**Stored data**.
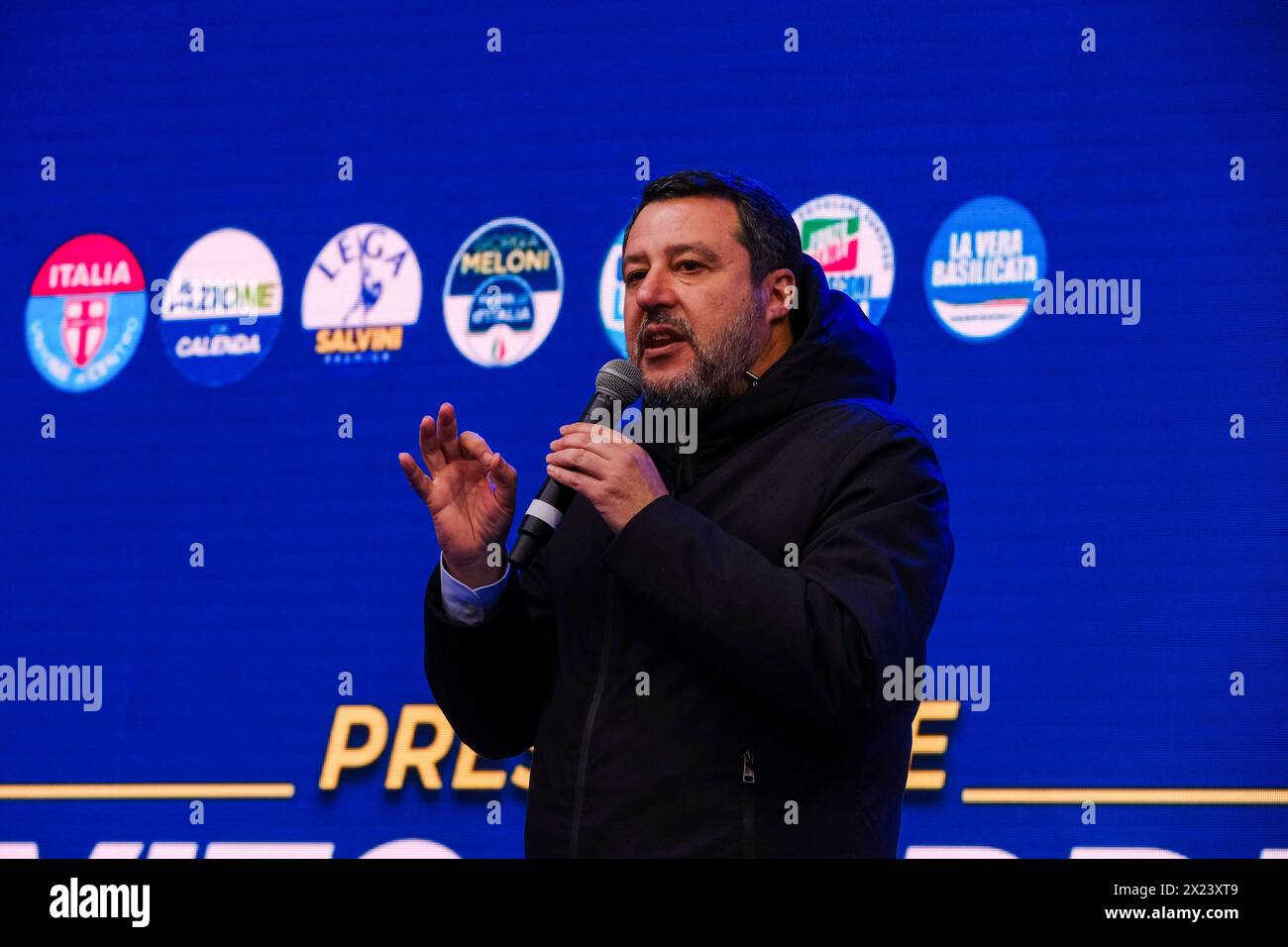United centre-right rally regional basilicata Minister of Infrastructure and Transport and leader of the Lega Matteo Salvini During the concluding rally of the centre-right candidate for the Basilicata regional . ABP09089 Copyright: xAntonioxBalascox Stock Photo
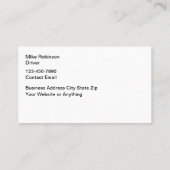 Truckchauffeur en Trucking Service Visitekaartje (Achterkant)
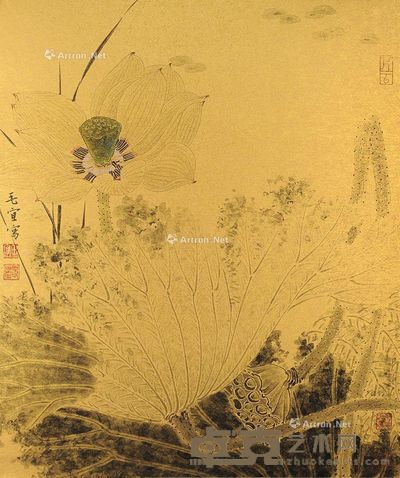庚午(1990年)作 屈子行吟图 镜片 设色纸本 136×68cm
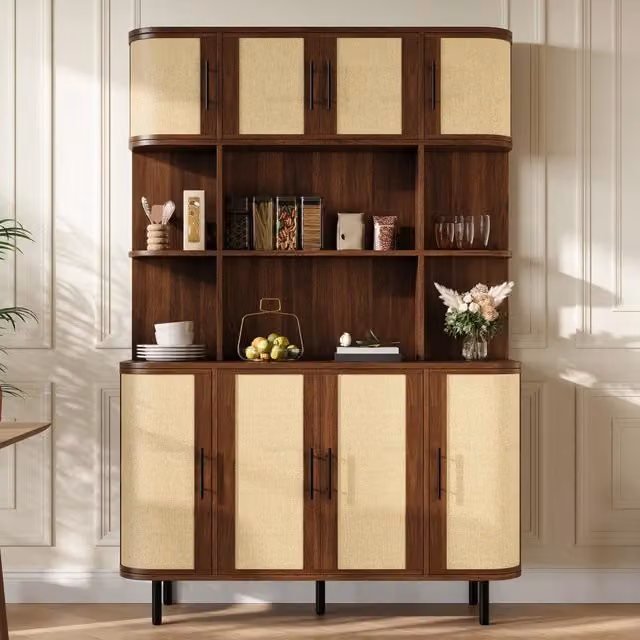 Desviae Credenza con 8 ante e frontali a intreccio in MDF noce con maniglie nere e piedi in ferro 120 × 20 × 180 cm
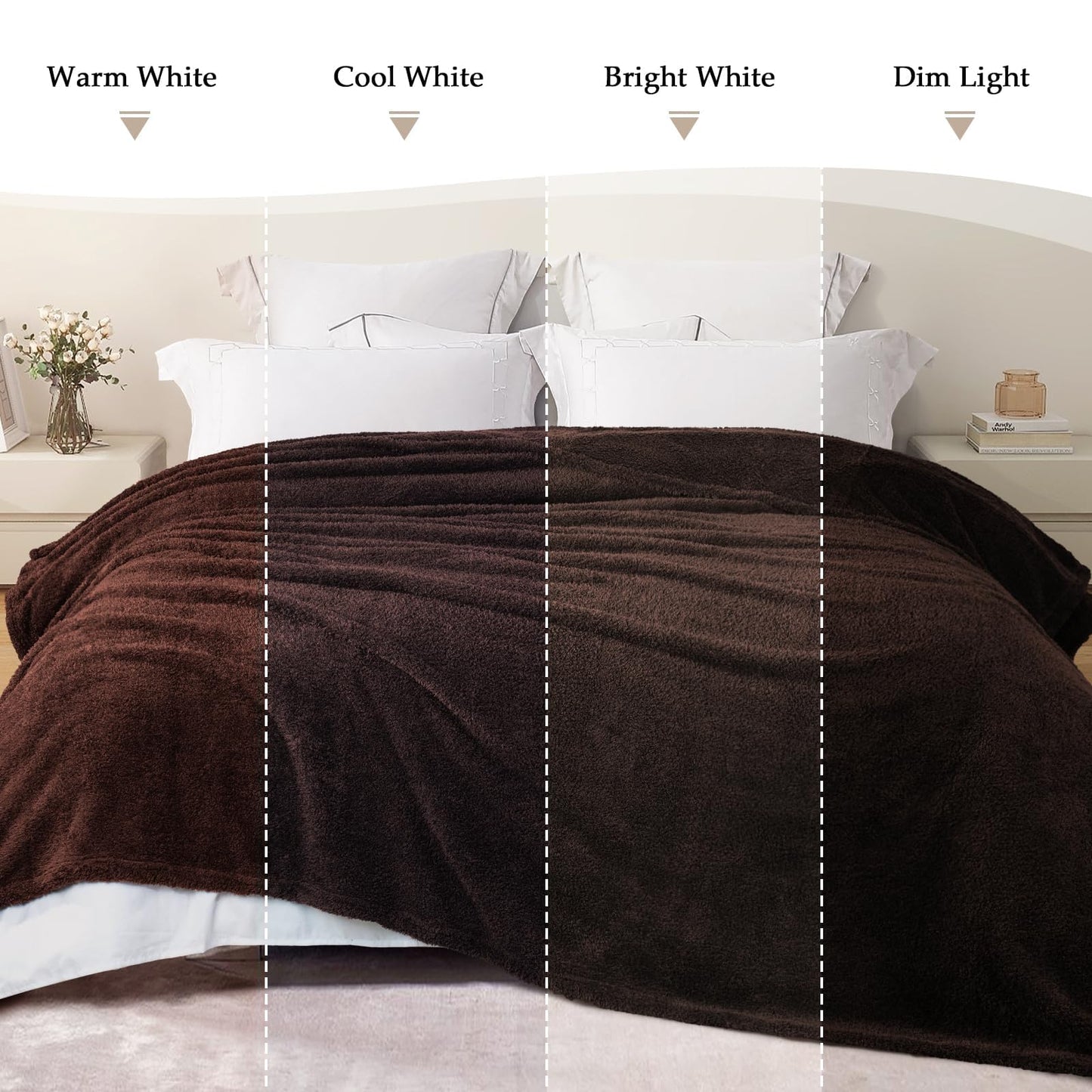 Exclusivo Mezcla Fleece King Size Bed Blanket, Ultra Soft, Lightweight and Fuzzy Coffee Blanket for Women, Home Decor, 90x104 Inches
* * *
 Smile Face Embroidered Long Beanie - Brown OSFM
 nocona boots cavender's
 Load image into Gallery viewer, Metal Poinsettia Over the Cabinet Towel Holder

**What the task asks**. Copy the records above exactly, beginning at the line that contains "nocona boots cavender's" and stopping after the line that contains "Load image into".

**Exercise solution**.
 nocona boots cavender's
 Load image into Gallery viewer, Metal Poinsettia Over the Cabinet Towel Holder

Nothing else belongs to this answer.